Nationally, the Information sector has declining job growth, but that’s not true for Los Angeles County.
“In L.A. County that’s actually been a job growth driver because that’s where motion picture and entertainment resides and that’s actually been the leading industry as far as creating jobs in LA County. We’ve also seen, as elsewhere, education and private education and health care continue to do well and our retail sector is doing fairly well.
She says there is some encouraging news to be gleaned from a closer look at the small decline in the national unemployment rate. Statistics show employment growth increased faster than the labor force.
“That means the unemployment rate dropped because people are getting jobs not because they’re dropping out of the labor force due to discouragement,” said Ritter.
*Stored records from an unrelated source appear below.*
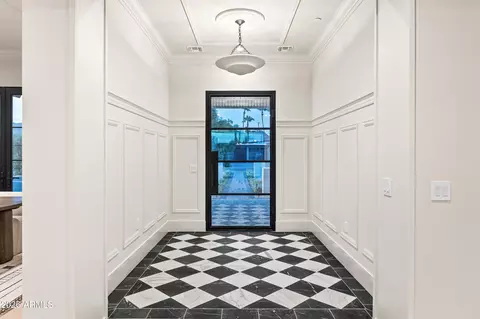 Entry Way - 4119 E Stanford Dr, Phoenix, AZ 85018 photo 3 of 3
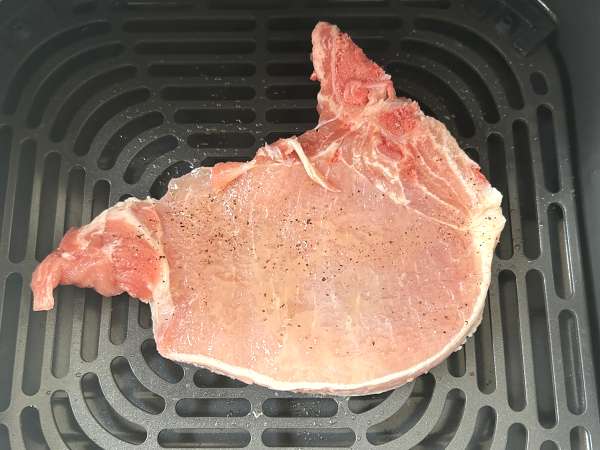 Wie wird ein Schweinekotelett im Airfryer gegart? - Zubereitung Schritt 2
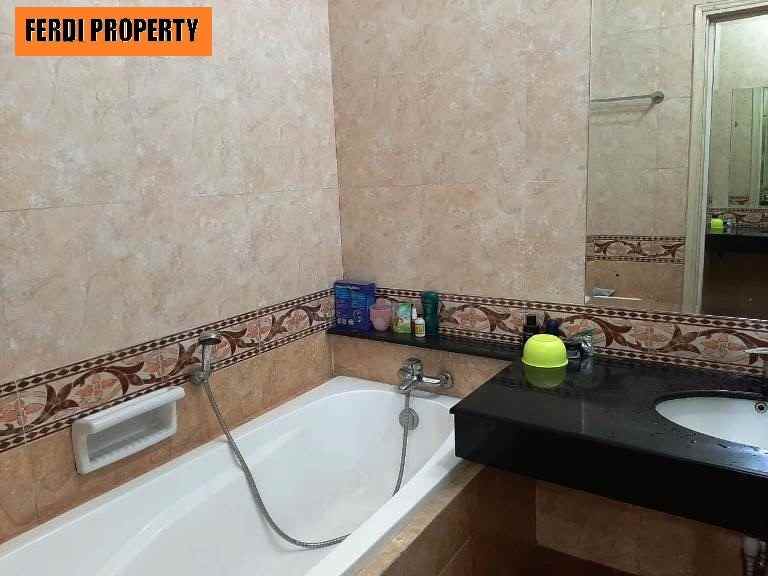 rumah perumahan raffless hills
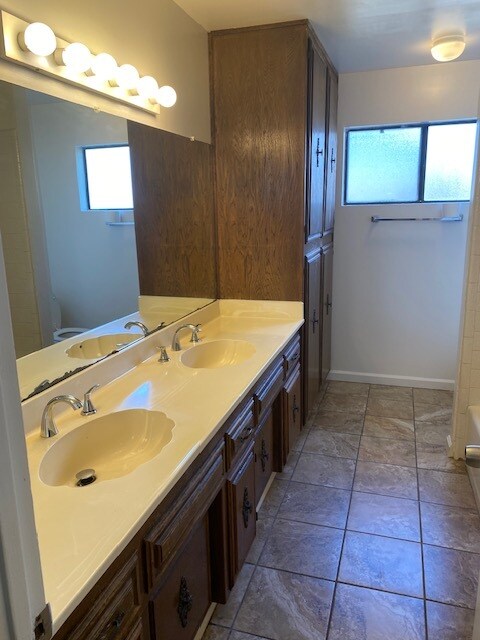 Building Photo - 6405 Landfair Dr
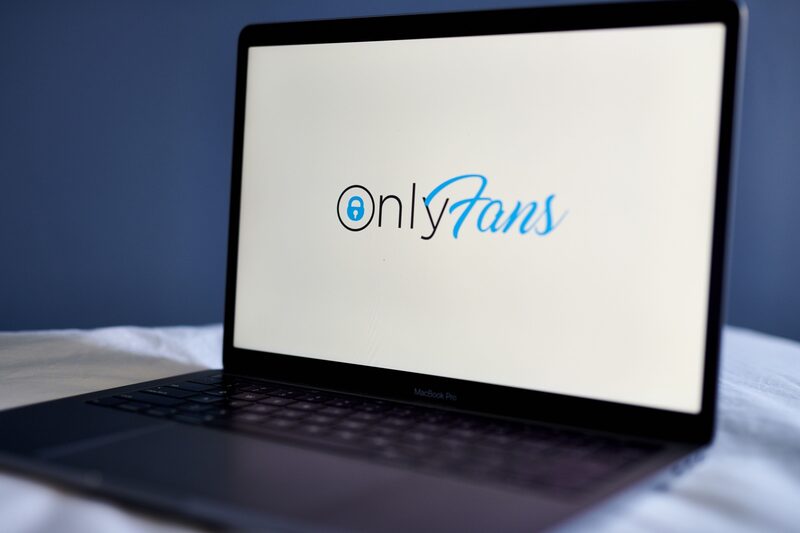 El logo de OnlyFans en un ordenador portátil dispuesto en el barrio de Manhattan de Nueva York, Estados Unidos, el jueves 17 de junio de 2021. Fotógrafo: Gabby Jones/Bloomberg El logo de OnlyFans en un ordenador portátil dispuesto en el barrio de Manhattan de Nueva York, Estados Unidos, el jueves 17 de junio de 2021. Fotógrafo: Gabby Jones/Bloomberg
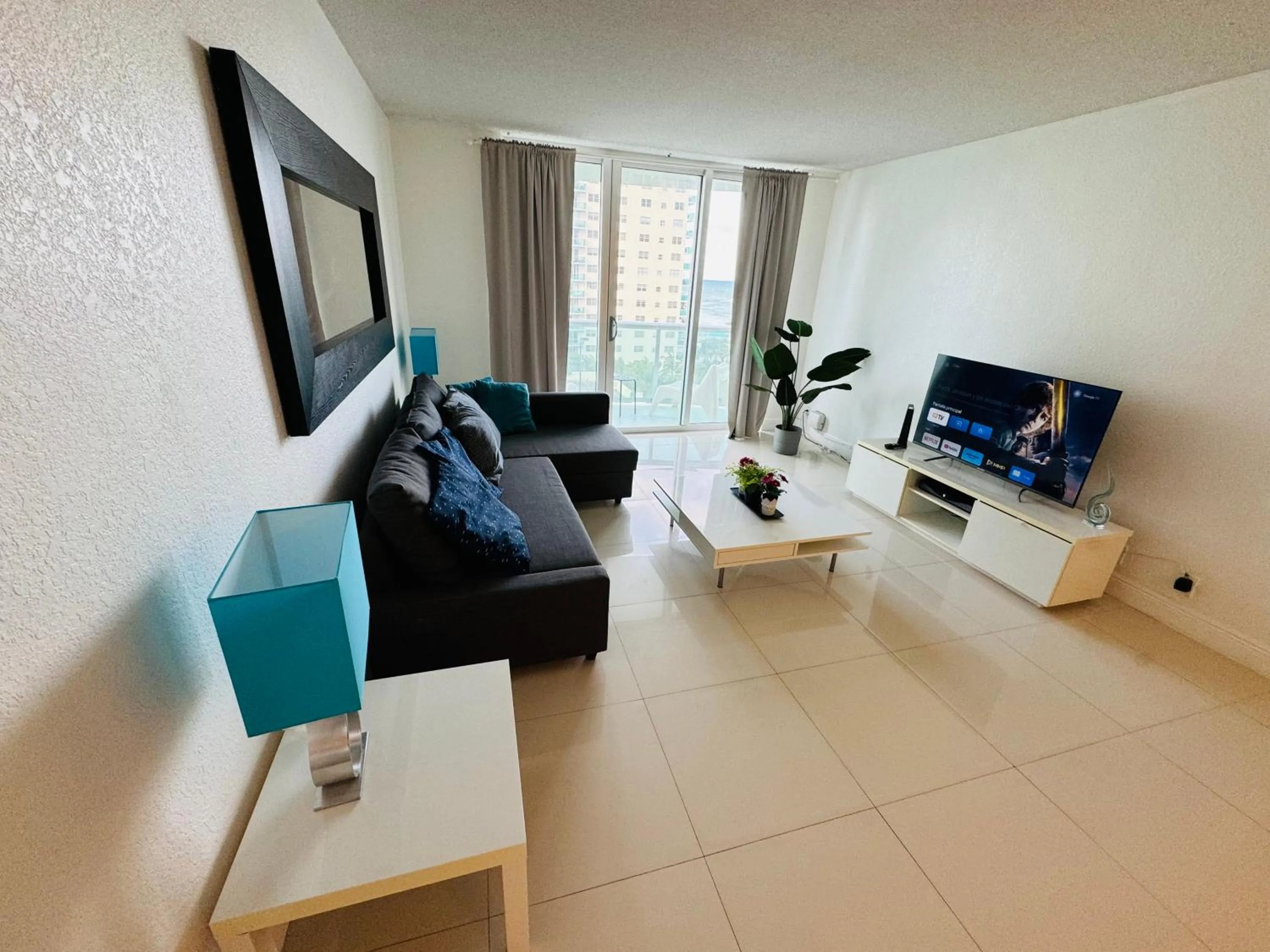 Hallandale Condo, Partial Ocean View Direct Beach and Pool Access Hollywood Beach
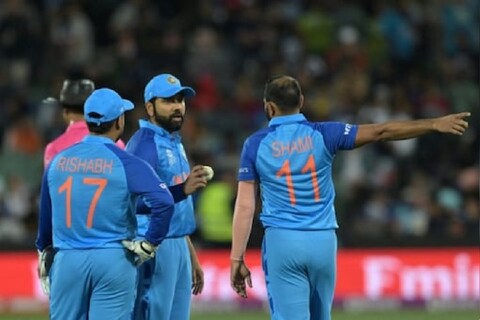 टीम मॅनेजमेंटनं केलेल्या 5 मुख्य चुकांमुळे एक वर्षभराच्या कालावधीमध्ये भारताला दोन वर्ल्ड कप गमवावे लागले आहेत.
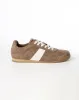 Tenis taupe sold by Gef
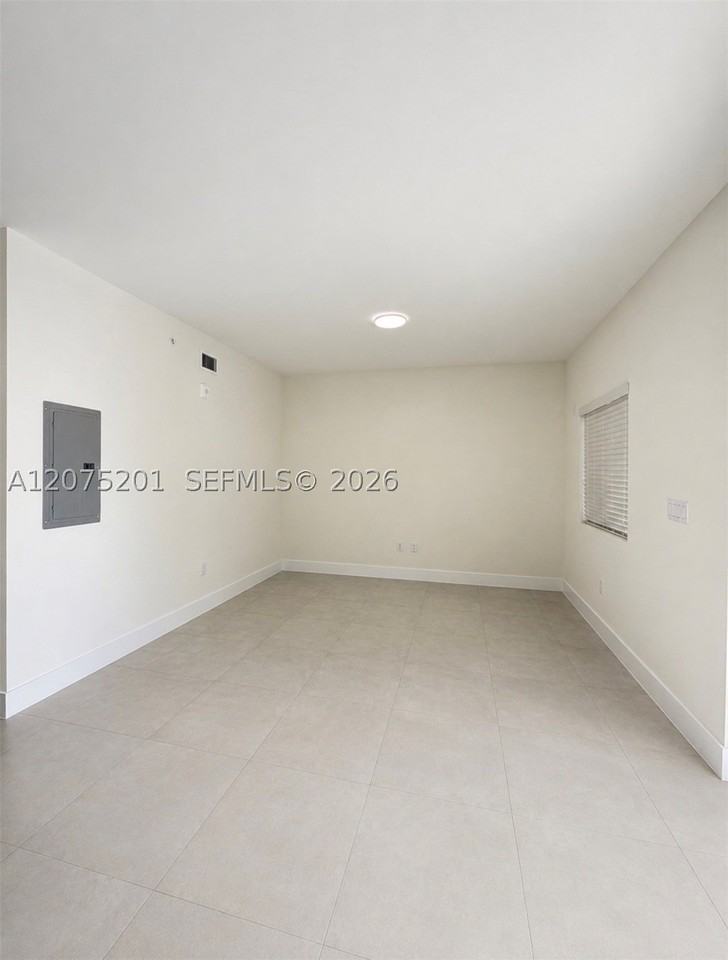 310 E 7th St #203 - Photo 4 of 14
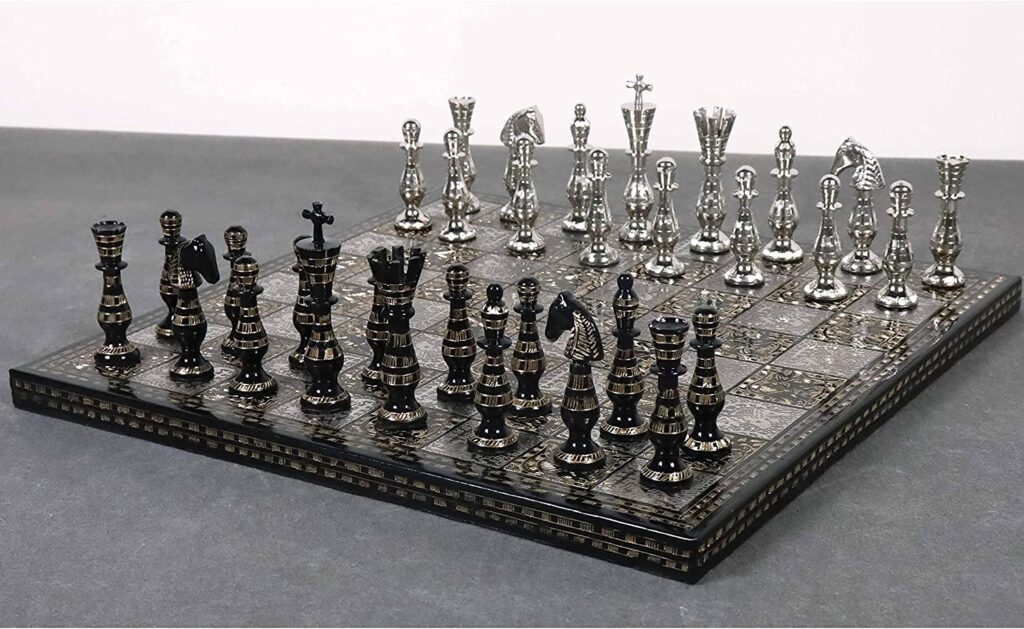 14 inch sovereign series foldable chess board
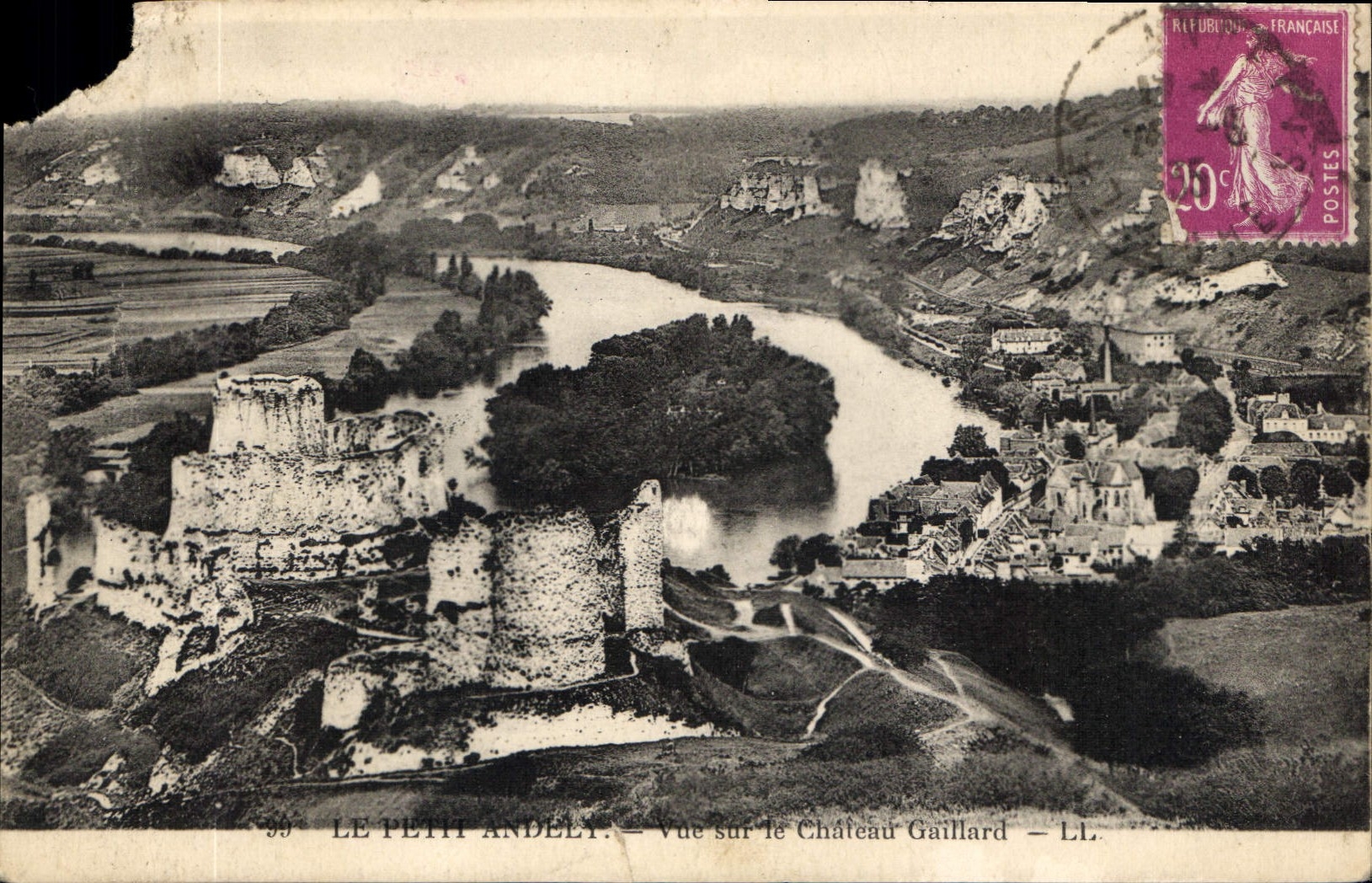 CPA Le Pitet Andelt vue sur le Chateau Gaillard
According to the BLS there were 967,000 discouraged workers in October, a decrease of 252,000 from a year earlier. Discouraged workers are persons not currently looking for work because they believe no jobs are available for them.
California is making progress on the jobs front according to Ritter. Sectors adding jobs basically fall along the national lines: Travel and tourism, entertainment, health care, and education. Construction is still a problem and the state and local governments have given up a lot of jobs.
“California is adding jobs, unfortunately the unemployment rate is still elevated and we don’t expect it to come down into single digits for at least another year, maybe a bit longer,” said Ritter.